## Line Graph: Per-Period Regret Over Time
### Overview
The image depicts a line graph comparing the per-period regret of three agents (TS, UCB-best, UCB1) across 20,000 time periods. The y-axis represents regret values (0 to 0.100), while the x-axis represents time periods (0 to 20,000). The graph shows distinct performance trends for each agent, with sharp initial declines followed by stabilization.
### Components/Axes
- **Y-Axis**: "per-period regret" (0 to 0.100 in increments of 0.025).
- **X-Axis**: "time period (t)" (0 to 20,000 in increments of 5,000).

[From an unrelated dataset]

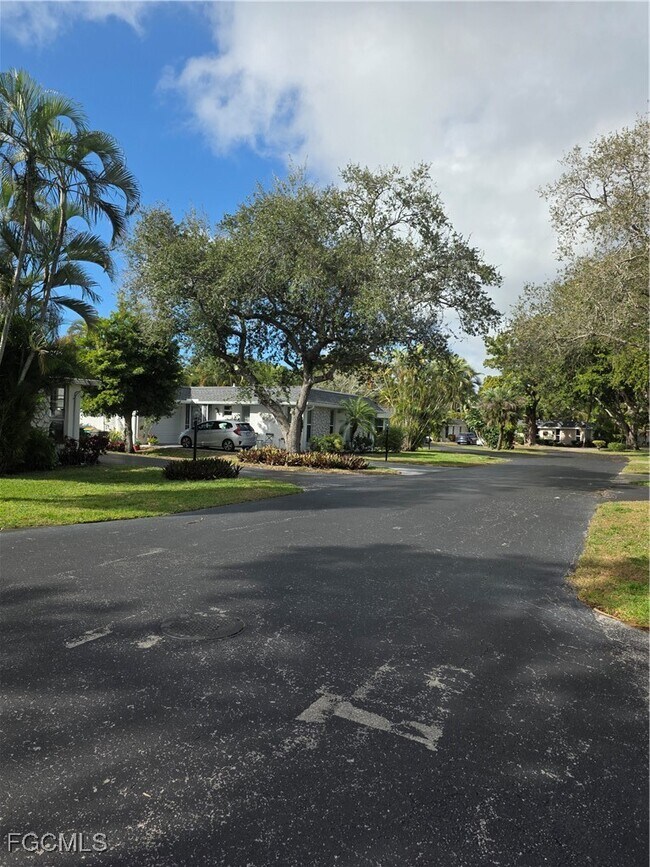 Foto del edificio - 280 Lanchester Ct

- **Legend**: Located on the right, with three entries:
- Red: TS
- Blue: UCB-best
- Green: UCB1
### Detailed Analysis
1. **TS (Red Line)**:
- Starts at ~0.075 regret at t=0.
- Drops sharply to ~0.025 by t=5,000.
- Remains stable near 0.025 for the remainder of the period.
- Final value at t=20,000: ~0.025.
2. **UCB-best (Blue Line)**:
- Starts at ~0.075 regret at t=0.
- Declines gradually to ~0.025 by t=10,000.
- Stabilizes near 0.025 for the remainder of the period.
- Final value at t=20,000: ~0.025.
3. **UCB1 (Green Line)**:
- Starts at ~0.075 regret at t=0.
- Declines slowly to ~0.05 by t=10,000.
- Remains elevated (~0.05) until t=20,000.
- Final value at t=20,000: ~0.05.
- Exhibits jagged fluctuations (noise) throughout the period.
### Key Observations
- **TS and UCB-best** exhibit similar initial performance but diverge in decline rate. TS stabilizes faster than UCB-best.
- **UCB1** consistently underperforms compared to the other two agents, maintaining higher regret values throughout.
- The green line (UCB1) shows significant noise, suggesting higher variability in its regret measurements.
- All agents experience a sharp initial drop in regret, indicating rapid adaptation or learning.
### Interpretation
The graph demonstrates that **TS and UCB-best** are more effective at minimizing regret over time compared to **UCB1**. The rapid decline in TS and UCB-best suggests these agents adapt more efficiently to the task, while UCB1’s slower decline and persistent noise imply suboptimal performance or instability. The stabilization phases indicate that all agents eventually reach a steady state, but UCB1’s higher final regret (~0.05 vs. ~0.025) highlights its inferiority. The noise in UCB1’s data may reflect measurement errors or environmental variability not present in the other agents’ systems.